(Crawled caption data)
------------------------------------------------------------------------
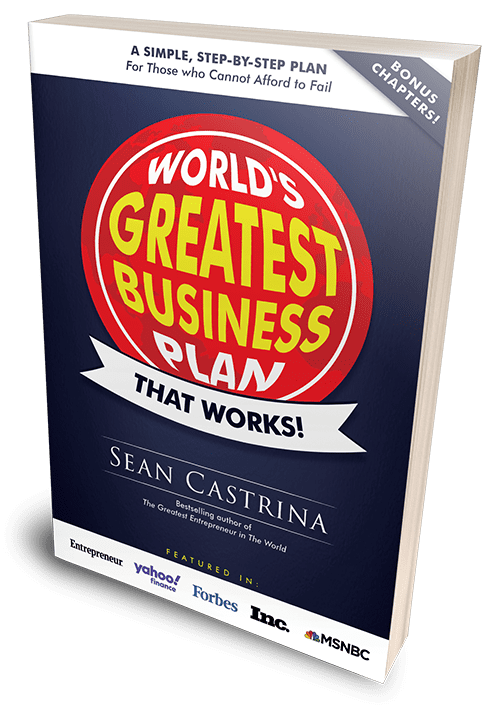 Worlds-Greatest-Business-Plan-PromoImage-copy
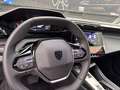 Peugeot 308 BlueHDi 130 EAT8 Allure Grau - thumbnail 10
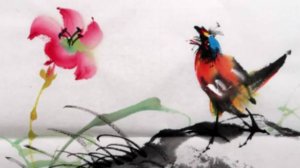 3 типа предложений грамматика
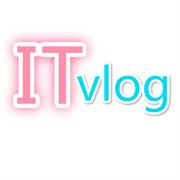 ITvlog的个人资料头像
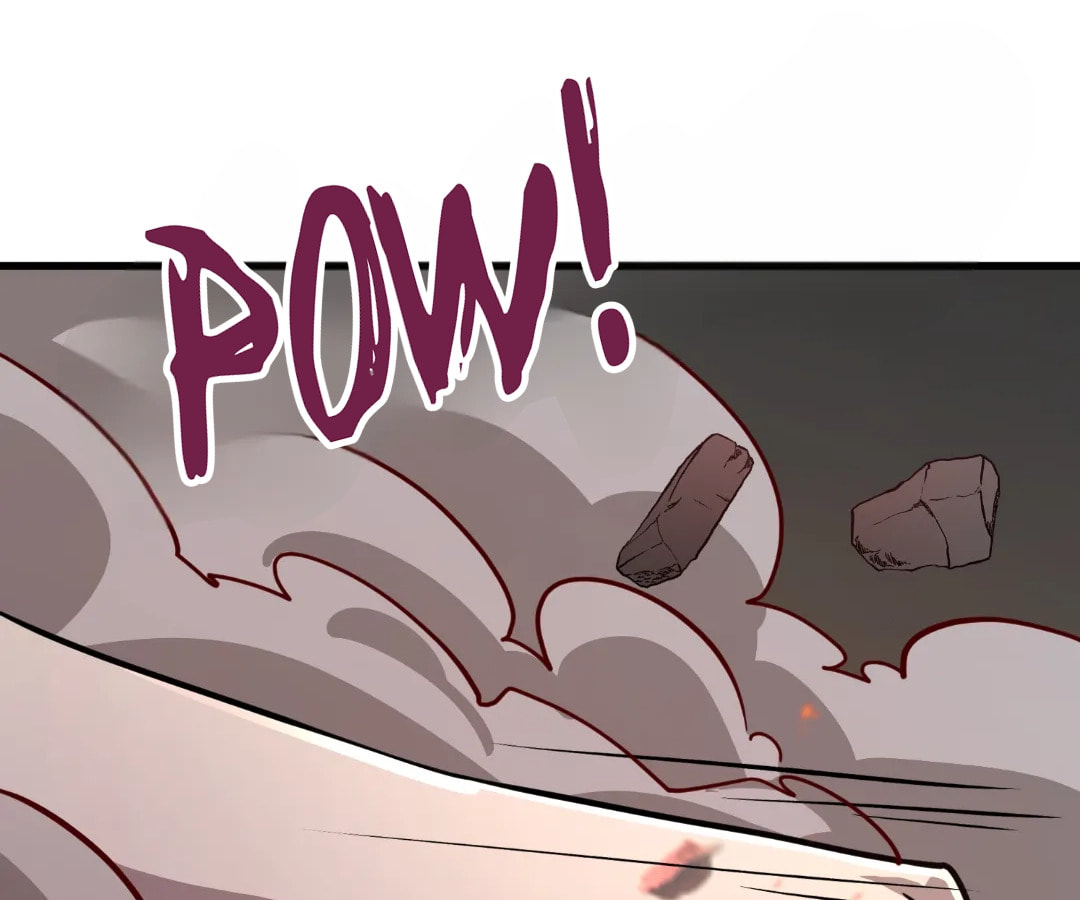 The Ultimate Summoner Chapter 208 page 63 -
------------------------------------------------------------------------
What the answer needs is every line from the one with "Peugeot 308 BlueHDi" through the last line of the data, reproduced word for word and with pictures omitted.

 Peugeot 308 BlueHDi 130 EAT8 Allure Grau - thumbnail 10
 3 типа предложений грамматика
 ITvlog的个人资料头像
 The Ultimate Summoner Chapter 208 page 63 -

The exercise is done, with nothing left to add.